▸ What to do: Below are some records; output exactly the lines from the line with "Self-Inflating Camping Mattress" to the line with "Tessera London Orange", both ends kept, and nothing more.

▸ Records for processing:
•••
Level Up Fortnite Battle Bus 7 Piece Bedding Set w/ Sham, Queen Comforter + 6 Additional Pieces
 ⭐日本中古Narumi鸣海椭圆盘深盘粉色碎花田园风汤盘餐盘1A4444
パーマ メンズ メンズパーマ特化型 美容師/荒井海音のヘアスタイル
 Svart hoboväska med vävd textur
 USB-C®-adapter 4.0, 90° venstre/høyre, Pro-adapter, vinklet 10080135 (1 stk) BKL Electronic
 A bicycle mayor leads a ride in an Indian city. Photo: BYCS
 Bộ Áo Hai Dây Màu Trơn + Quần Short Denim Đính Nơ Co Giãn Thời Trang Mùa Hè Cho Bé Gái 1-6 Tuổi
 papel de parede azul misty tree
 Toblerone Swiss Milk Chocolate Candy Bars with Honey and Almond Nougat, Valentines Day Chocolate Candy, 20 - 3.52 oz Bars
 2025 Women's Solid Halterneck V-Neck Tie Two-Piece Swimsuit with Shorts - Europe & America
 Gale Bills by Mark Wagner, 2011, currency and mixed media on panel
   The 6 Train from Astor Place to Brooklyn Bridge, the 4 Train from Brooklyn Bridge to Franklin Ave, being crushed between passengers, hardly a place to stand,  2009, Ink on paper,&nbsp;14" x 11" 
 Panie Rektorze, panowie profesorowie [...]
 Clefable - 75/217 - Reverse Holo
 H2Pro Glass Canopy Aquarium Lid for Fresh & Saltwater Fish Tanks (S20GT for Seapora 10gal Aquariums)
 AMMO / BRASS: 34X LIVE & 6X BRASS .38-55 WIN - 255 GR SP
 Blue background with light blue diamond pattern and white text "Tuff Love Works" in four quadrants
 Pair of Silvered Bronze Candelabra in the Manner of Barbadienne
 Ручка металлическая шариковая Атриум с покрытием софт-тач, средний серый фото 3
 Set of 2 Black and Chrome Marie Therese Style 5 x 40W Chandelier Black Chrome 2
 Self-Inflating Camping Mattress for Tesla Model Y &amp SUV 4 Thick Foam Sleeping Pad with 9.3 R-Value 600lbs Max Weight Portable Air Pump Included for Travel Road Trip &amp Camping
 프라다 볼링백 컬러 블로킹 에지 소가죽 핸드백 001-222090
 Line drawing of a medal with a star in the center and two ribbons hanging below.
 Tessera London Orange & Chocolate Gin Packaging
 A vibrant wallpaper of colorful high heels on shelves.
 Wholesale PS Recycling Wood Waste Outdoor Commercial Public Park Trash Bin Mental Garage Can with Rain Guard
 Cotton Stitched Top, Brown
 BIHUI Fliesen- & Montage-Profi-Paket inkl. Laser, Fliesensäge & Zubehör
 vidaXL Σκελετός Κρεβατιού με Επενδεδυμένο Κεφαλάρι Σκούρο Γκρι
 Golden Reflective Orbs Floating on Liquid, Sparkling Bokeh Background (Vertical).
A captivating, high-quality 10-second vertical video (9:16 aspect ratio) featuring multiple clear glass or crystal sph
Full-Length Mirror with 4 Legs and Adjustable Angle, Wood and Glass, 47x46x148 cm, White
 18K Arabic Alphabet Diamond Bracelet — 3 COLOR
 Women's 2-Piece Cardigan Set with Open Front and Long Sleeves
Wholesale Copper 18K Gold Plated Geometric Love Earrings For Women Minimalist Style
•••
▸ Answer box:
 Self-Inflating Camping Mattress for Tesla Model Y &amp SUV 4 Thick Foam Sleeping Pad with 9.3 R-Value 600lbs Max Weight Portable Air Pump Included for Travel Road Trip &amp Camping
 프라다 볼링백 컬러 블로킹 에지 소가죽 핸드백 001-222090
 Line drawing of a medal with a star in the center and two ribbons hanging below.
 Tessera London Orange & Chocolate Gin Packaging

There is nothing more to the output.